青山満氏:代表取締役社長の青山です。ただいまより、2026年12月期第1四半期決算についてご説明します。どうぞよろしくお願いします。

本日はまず、全体のサマリーをご説明します。次に、4月に連結企業集団に加わったGMO AIコネクト社についてご報告します。その後、第1四半期の決算内容についてご説明し、最後に当社の重点サービスである「GMOトラスト・ログイン」「電子印鑑GMOサイン」、およびその他注力商材の詳細な状況についてご説明します。

エグゼクティブサマリー

まず、第1四半期の全体サマリーをご覧ください。一言で申し上げると、非常に力強いスタートを切ることができました。

重点サービスを中心に、主力事業の売上が好調に推移し、売上高・営業利益の双方で前年同期を大きく上回る結果となりました。特に、当社がこれまで注力してきたサービスがしっかりと業績に寄与し始めている点は、大きな成果であると考えています。

次に、事業面についてです。
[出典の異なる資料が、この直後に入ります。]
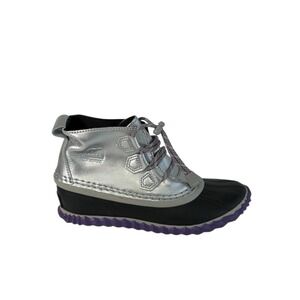 Sorel Youth Out n‎ About Plus Metallic Silver, Black With Purple Boots Size 1 Y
現在、サイバー攻撃の被害がますます深刻化しています。このような中で、医療、製造、金融など社会インフラに関わる特定の業界では、システムのセキュリティ対策について、国や業界団体が独自のルールや基準を定める動きが進んでいます。

当社が提供する「GMOトラスト・ログイン」は、このような新しいルールにいち早く対応したプランを当四半期に提供し始めました。これは単なる機能の追加ではなく、社会全体でセキュリティの重要性が高まる中、当社のサービスがより必要とされる領域に入り始めたことを意味すると考えています。
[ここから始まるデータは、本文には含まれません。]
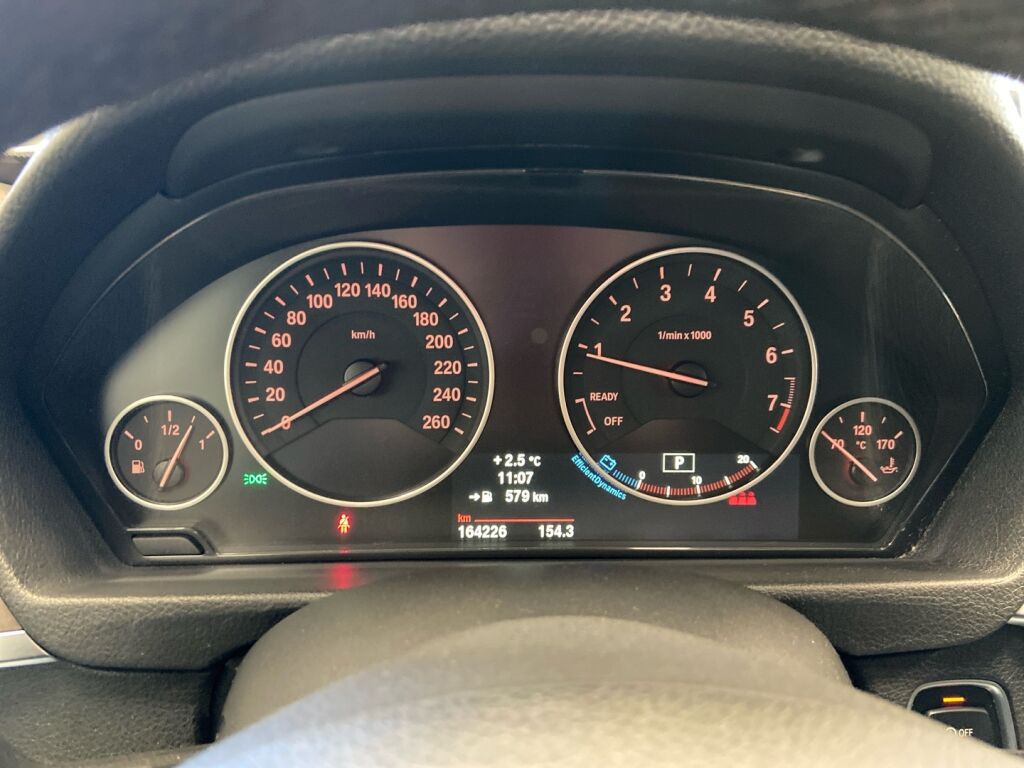 BMW 320 Gran Turismo 2014 Valkoinen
また、4月には当社にとって経営上極めて重要な一歩を踏み出しました。昨今の旺盛なAI需要を背景に、AIとさまざまな業務システムをつなぐことを主力事業とするGMO AIコネクト社が、当社連結企業集団に加わりました。

これにより、当社連結企業集団は、AI時代に必要不可欠な信頼性の高いインフラを構築する体制をさらに強化することができました。

旺盛なAI需要と当社のビジネス関係性

AIが普及すればするほど、その裏側では「誰が正しいのか」「どのシステムが信頼できるのか」「誰が承認したのか」といった信頼の仕組みが必要になります。まさに当社連結企業集団の強みが、AI時代においてより大きな価値を持つ局面に入ってきています。

当社にとってAIは、普及が進むほどにその存在価値が一層高まるものだと考えています。これは単なる期待ではなく、構造的な変化についてです。
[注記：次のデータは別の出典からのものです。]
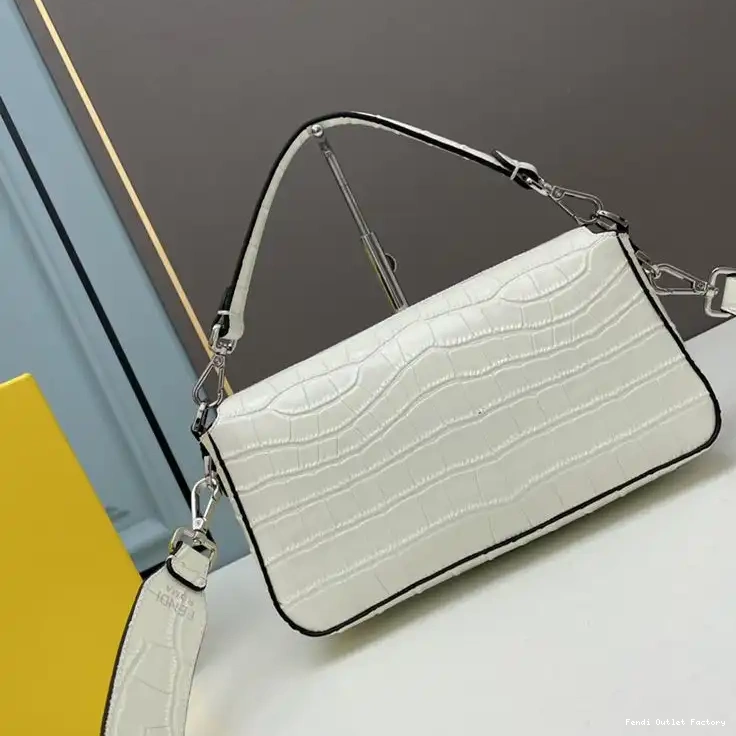 Affordable HOT Bag In Crocodile Leather White Fendi Medium Baguette 0526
現在、AIは業務の効率化や調べものの補助として活用されています。しかし、今後AIはさらに進化し、人の代わりに多様な業務を実行する存在になると考えられます。

例えば、AIが請求書を作成したり、契約書を確認したり、社内システムにアクセスして必要な処理を行ったりする時代になると、重要になるのは、AIが本当に正しい権限を持ち、誰の指示で動いているのか、また、実行された業務が正式に承認されたものであるかという点です。

つまり、認証、署名、証跡の重要性は、これまで以上に高まっていきます。これは、当社にとって非常に大きな追い風です。これからは自律的に判断し、仕事をこなすAIエージェントが当たり前になる時代が訪れるでしょう。

すると、ソフトウェアの価値は「人が使いやすいか」だけではなくなります。AIを含め、誰が、いつ、何を行ったのか、その記録が確実に残っているか、さらにはその記録が法的にも信頼できるものであるかどうか、これらの確かな証跡が企業活動の中で極めて重要になっていくのです。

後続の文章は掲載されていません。